Segment Start: DATA PROVIDED

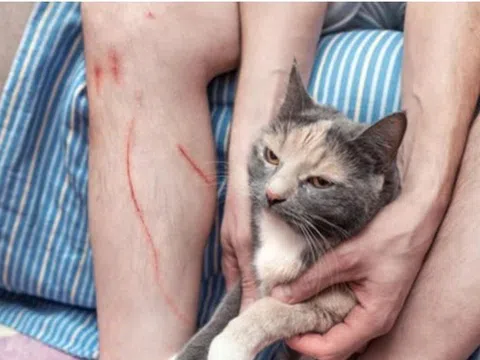 Bị mèo cào, người đàn ông 71 tuổi tử vong trong đau đớn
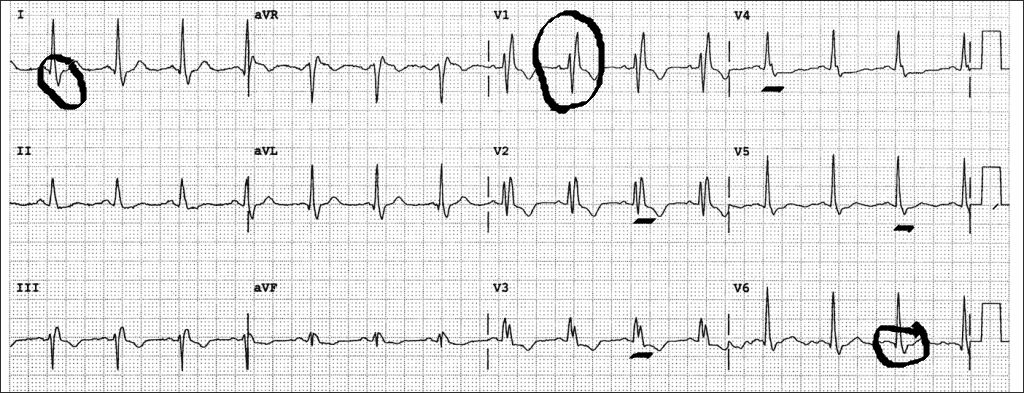 Right Bundle Branch Block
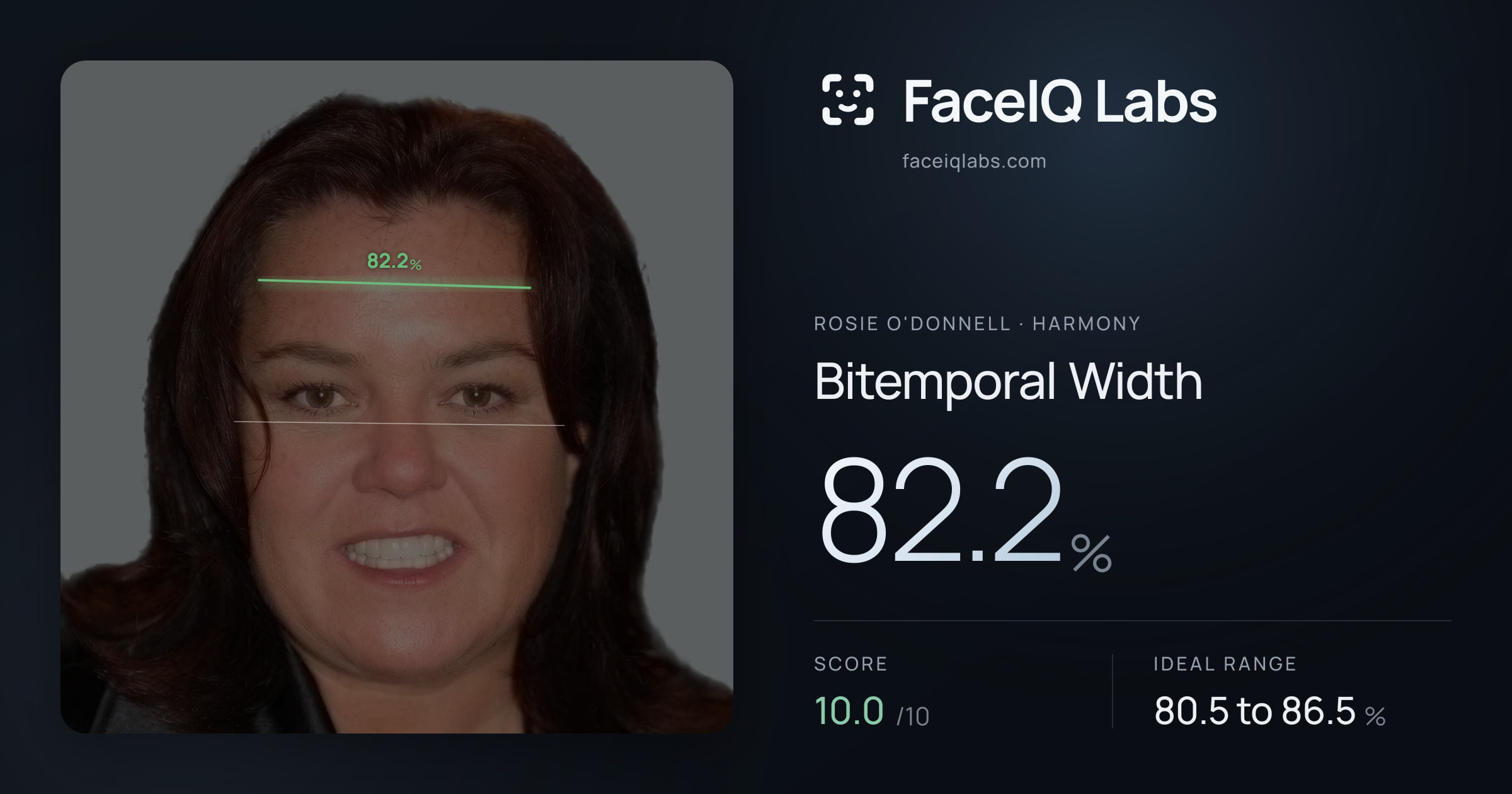Rosie O'Donnell Bitemporal Width: 82.2%, drawn on the photo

Segment End: DATA PROVIDED

WORK INSTRUCTION
Please print exactly the lines from the one holding "Right Bundle Branch Block" through the final line of the data above, including both, and skip all pictures.

RESULT OF THE EXERCISE
 Right Bundle Branch Block
Rosie O'Donnell Bitemporal Width: 82.2%, drawn on the photo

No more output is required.